E soprattutto nel mondo ebraico gli si attribuisce il merito di aver lanciato il Concilio Vaticano II che produsse la “Nostra aetate”, quello che la stampa israeliana definisce oggi “una pietra miliare” per aver ripudiato “il concetto antico di duemila anni della responsabilità collettiva per la morte di Gesù”. “Nostra Aetate ha introdotto cambiamenti sorprendenti nelle relazione ebraico-cattoliche nel mondo – la citazione è del rabbino David Rosen, direttore internazionale del Comitato ebraico americano per gli affari inter-religiosi – anche se il grado di approfondimento dipendeva dal fatto se i cattolici e gli ebrei vivevano o no fianco a fianco”.
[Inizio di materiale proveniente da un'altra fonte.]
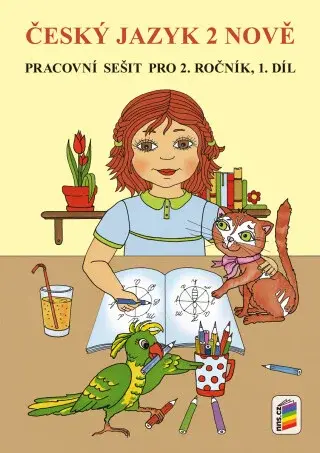 Český jazyk 2, 1. díl (pracovní sešit) - původní řada (2-53)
Giovanni Paolo II – ricorda la stampa di Israele – è stato il primo papa, dall’evo antico, a mettere piede in un sinagoga, il Tempio maggiore di Roma. Accadde nel 1986, e in quell’occasione definì gli ebrei “i nostri amati fratelli maggiori”. Wojtyla, cresciuto in Polonia con amici ebrei, fu il Papa che stabilì rapporti diplomatici fra la Santa Sede e lo Stato di Israele. E nella sua visita a Gerusalemme si recò al “Muro Occidentale”, il cosiddetto “Muro del Pianto”, e infilò fra le pietre – un gesto comune per i fedeli ebrei – un foglietto di carta, in cui si diceva “profondamente rattristato dal comportamento di quanti nel corso della storia hanno provocato sofferenze ai vostri figli”. “È un gesto che non sarà mai dimenticato” ha detto il rabbino Abarham Cooper, del Centro Simon Wiesenthal. Fra l’altro Wojtyla nel suo testamento ha ricordato l’ex rabbino capo di Roma, Elio Toaff.
Anche papa Francesco ha rapporti di amicizia consolidati con il popolo ebraico. Fra l’altro è coautore di un libro con il rabbino argentino di Buenos Aires Abraham Skorka. “Sta solidificando il lascito spirituale e umano dei suoi due predecessori – ha detto Rosensaft – canonizzando non solo Giovanni XXIII e Giovanni Paolo II, ma, e questo è forse più importante, i valori che incarnavano”.